20 Ekim 2009 00:00
Seçimle darbe meşrulaştırılmak isteniyor
28 Haziran günü ABD tarafından desteklenen ordu güçleri tarafından darbe ile devrilen Manuel Zelaya, Almanyada yayınlanan Junge Welt gazetesine verdiği demeçte, Hondurasın durumunu Afganistan ve Iraka benzetti.
28 Haziran günü ABD tarafından desteklenen ordu güçleri tarafından darbe ile devrilen Manuel Zelaya, Almanyada yayınlanan Junge Welt gazetesine verdiği demeçte, Hondurasın durumunu Afganistan ve Iraka benzetti. Zelayanın Manola Romalonun sorularına verdiği yanıtları özetleyerek yayınlıyoruz.
Sayın başkan, şu anda içinde bulunduğunuz Brezilya Büyükelçiliği ordu ve polis tarafından çevrilmiş ve keskin nişancıların hedefindesiniz.
28 Hazirandaki iktidar mücadelesinden sonra darbeciler anayasayı ve insan haklarını ihlal etti, Hondurasa bütün güveni yok ettiler. Tamamen demokratik bir şekilde yapılan seçimleri hiçe saydılar, halkın kararına saygısızlık yaptılar. Burada da Afganistan ve Iraktaki gibi insanların silahların gölgesinde seçimlere gitmesini istiyorlar. Ama, anayasal düzen yeniden sağlanmadığı sürece halk darbecilere rahat vermeyecek, barışa ulaşılmayacaktır.

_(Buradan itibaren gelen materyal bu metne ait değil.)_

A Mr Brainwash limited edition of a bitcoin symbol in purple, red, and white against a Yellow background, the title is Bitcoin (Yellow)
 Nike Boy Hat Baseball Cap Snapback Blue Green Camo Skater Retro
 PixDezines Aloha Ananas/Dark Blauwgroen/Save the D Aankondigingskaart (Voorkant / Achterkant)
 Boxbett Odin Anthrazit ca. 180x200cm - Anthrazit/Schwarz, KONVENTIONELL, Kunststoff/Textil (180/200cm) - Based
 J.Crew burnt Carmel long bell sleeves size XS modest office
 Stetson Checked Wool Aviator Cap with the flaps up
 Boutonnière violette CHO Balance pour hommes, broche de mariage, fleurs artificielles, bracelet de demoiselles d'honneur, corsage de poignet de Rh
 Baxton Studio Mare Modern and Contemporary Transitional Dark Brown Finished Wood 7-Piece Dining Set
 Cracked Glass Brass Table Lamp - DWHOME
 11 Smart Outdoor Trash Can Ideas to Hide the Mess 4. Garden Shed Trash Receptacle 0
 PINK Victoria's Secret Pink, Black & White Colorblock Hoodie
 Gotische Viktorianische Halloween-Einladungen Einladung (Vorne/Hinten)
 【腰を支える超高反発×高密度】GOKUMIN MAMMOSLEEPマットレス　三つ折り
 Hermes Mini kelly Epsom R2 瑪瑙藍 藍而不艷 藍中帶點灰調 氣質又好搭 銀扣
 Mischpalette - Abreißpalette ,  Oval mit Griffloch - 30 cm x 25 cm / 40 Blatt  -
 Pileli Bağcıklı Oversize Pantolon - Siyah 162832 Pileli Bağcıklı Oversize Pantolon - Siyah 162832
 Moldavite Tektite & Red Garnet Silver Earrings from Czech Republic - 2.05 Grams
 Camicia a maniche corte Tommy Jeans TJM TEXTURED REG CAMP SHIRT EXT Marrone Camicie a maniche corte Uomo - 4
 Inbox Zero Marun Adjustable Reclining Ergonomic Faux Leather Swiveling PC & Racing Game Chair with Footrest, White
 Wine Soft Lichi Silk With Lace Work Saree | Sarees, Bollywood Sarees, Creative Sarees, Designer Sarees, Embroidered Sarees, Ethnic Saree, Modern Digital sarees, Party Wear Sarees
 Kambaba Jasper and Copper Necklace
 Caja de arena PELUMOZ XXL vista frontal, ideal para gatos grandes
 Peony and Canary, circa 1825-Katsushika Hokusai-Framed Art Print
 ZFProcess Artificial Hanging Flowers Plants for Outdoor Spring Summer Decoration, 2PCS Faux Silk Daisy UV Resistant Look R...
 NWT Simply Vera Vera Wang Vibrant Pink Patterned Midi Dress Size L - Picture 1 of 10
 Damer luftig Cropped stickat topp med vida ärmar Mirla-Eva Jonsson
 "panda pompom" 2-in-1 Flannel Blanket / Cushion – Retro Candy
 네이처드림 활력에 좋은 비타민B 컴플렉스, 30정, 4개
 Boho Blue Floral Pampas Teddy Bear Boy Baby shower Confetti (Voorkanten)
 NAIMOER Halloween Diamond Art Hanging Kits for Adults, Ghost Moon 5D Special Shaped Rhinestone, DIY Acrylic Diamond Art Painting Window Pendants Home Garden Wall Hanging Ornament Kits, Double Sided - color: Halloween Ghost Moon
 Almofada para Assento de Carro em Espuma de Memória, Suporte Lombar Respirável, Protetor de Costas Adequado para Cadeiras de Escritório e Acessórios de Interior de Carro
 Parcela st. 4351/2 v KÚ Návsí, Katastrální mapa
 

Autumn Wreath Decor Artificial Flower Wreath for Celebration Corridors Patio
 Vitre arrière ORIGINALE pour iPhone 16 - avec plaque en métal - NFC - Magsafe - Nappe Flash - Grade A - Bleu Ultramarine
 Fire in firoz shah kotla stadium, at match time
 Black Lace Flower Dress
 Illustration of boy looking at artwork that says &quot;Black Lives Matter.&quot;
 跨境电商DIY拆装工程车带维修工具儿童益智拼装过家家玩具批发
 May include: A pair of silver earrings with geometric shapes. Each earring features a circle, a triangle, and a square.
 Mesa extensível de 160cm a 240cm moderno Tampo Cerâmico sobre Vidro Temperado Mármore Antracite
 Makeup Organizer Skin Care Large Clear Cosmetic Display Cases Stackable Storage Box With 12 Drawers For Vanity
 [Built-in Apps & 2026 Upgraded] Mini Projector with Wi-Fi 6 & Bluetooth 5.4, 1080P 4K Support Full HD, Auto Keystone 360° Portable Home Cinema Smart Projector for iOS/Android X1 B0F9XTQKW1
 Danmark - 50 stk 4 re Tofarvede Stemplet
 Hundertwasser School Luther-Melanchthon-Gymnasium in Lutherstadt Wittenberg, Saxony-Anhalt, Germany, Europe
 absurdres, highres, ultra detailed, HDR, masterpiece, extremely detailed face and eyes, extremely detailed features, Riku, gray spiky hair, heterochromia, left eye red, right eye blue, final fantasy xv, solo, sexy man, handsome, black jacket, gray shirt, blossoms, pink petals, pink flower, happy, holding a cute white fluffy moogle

Darbeciler tarafından yapılan baskılar sonucunda 20den fazla insan hayatını kaybetti, 500 insan yaralandı, 3 bini de tutuklandı. Buna rağmen diktatör Micheletti, 29 Kasımda seçimleri yapmak istiyor. Siz ne diyorsunuz?
Bir ülkede demokratik seçimlerin olabilmesi için hür ve serbest yarışın, eşit koşulların olması gerekiyor. Ancak diktatörlerin yönetimi altında yapılacak seçimlerin hiç bir şekilde geçerliliği bulunmuyor ve halk da bunu kabul etmeyecektir. Darbenin amacı da bütün demokratik sürecin yok edilmesini amaçlıyordu. Seçimler sadece darbeyi meşrulaştırmak için yapılıyor.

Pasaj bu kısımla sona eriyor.